In human history, a strong economy has always shaped and accompanied political power, and countries have used their financial superiority to establish political domination over others. 

India, where the world’s second-biggest population resides, is full of rich resources spread across its vast swathes of land. 

Although 68 percent of the Indian population live below $2 a day, New Delhi hasn't shied away from exerting its influence in the region, using its economic power to overpower its relatively small neighbours like Nepal and Sri Lanka, according to several experts who last week spoke at a webinar on India’s economic policies across South Asia, organised by Nordic Institute of Stability Studies (NISS), a Copenhagen-based think-tank.

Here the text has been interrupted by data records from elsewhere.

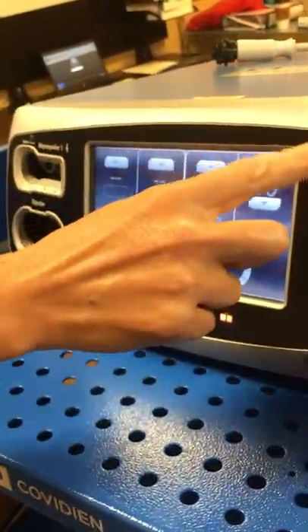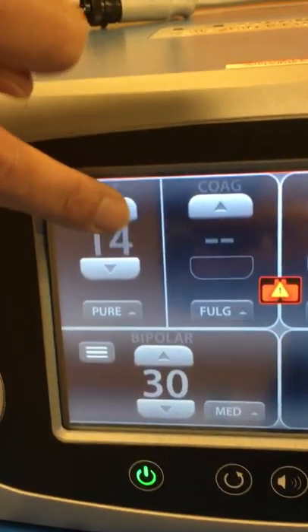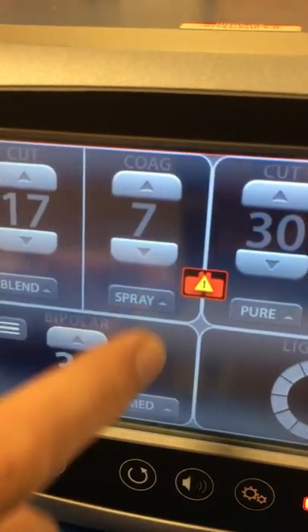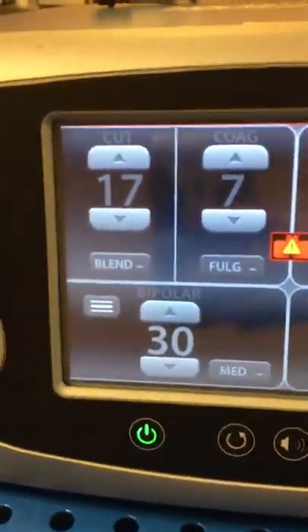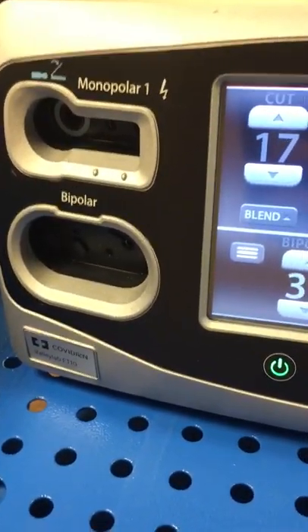Now I'm going to go through the four quadrants of the machine. This first one right here is monopolar one — this is for your standard Bovie pencil. On the touch screen is where you would set your settings once you plug your pencil in. You've got your cut and coag. Within cut, you've got pure and blend; within coag, you've got full grade and spray. It does default to blend and full grade, which is a typical setting. It can be changed to whatever your surgeon preferences are. Also right here is the UFP port in order to plug in your foot pedal for monopolar use for laparoscopic procedures.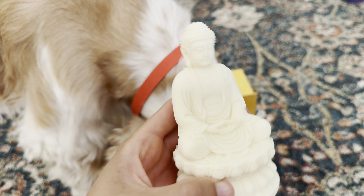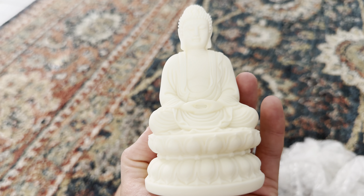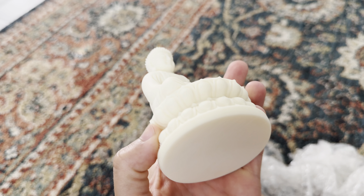This is made of ivory fruit finish. It's a minimalist Buddha for Zen decor and meditation decor. I absolutely love it. Looks amazing.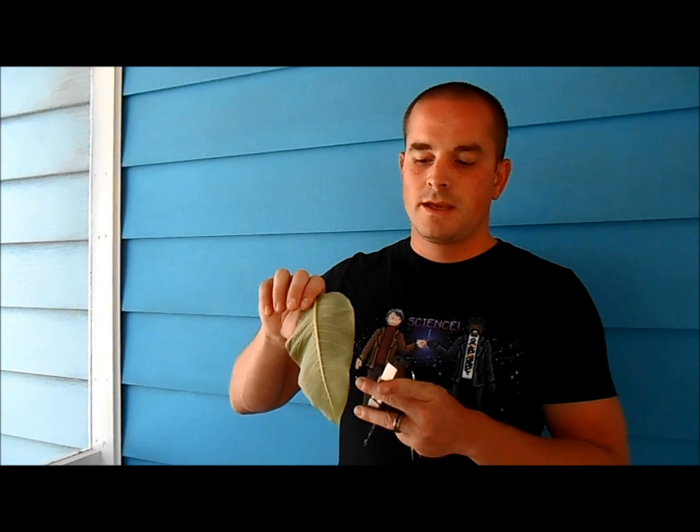We're going to cut the egg out of the leaf in a small portion of it, so that way we can place it on a fresh leaf right before it hatches. The tools you're going to need for this are a small pair of scissors, some type of tweezers, and also a small dish. Let's get started.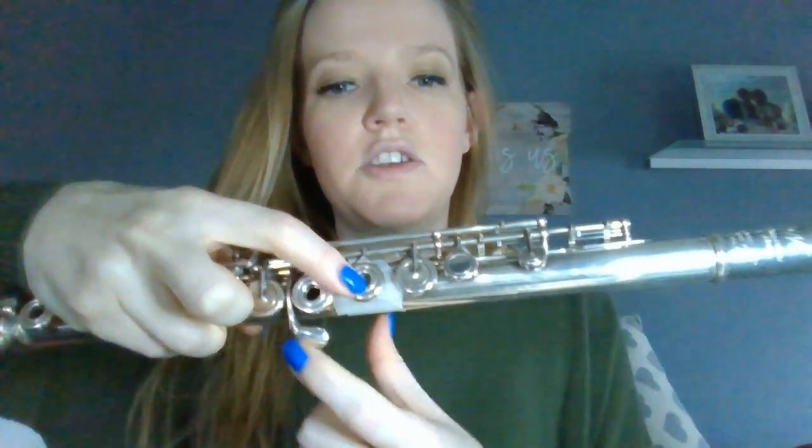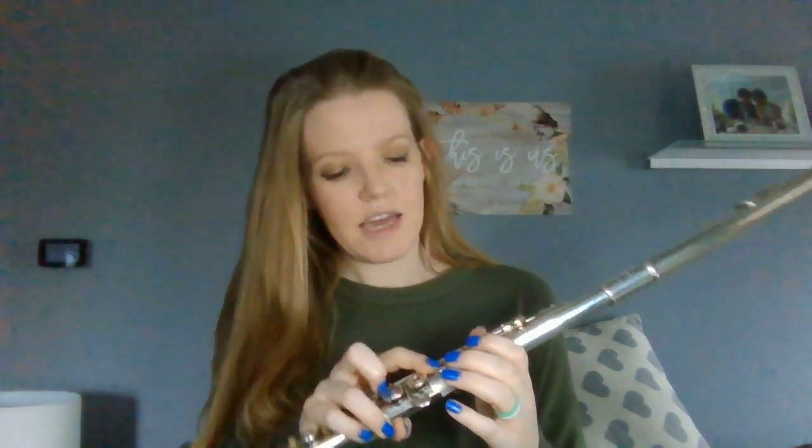Now you can barely see it — there's just some tape there and the cigarette paper underneath. Notice that it's not hitting any of the other keys; it's just on the A key. The cool thing about cigarette paper is that it will only be activated when you vent this key. On most professional models, you're going to have a hole here that we typically cover. But in order to use it and ignite the cigarette paper, you're going to have to vent it, meaning push down this key but don't cover up this hole.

New Delhi is the world’s six-biggest economy in terms of its nominal GDP and the third-largest by purchasing power parity (PPP). 

According to Robert Gallimore, an educationist and security expert, India follows an "imperial policy" to exert its power and influence across South Asia. 

“India is a great power in the region and many of its neighbours are dependent on her,” Gallimore said in the webinar. 

India aims to play a major political role across the Indo-Pacific region, using its economic power and developing partnerships with its neighbours like Nepal, according to Anil Sigdel, founder of Nepal Matters for America, a Washington DC-based think-tank. 

“India was in a historical economic transformation, and its interests seemed to have converged with Nepal’s economic development,” said Sigdel during the same webinar, which was moderated by Muhammad Athar Javed, director-general of the NISS. 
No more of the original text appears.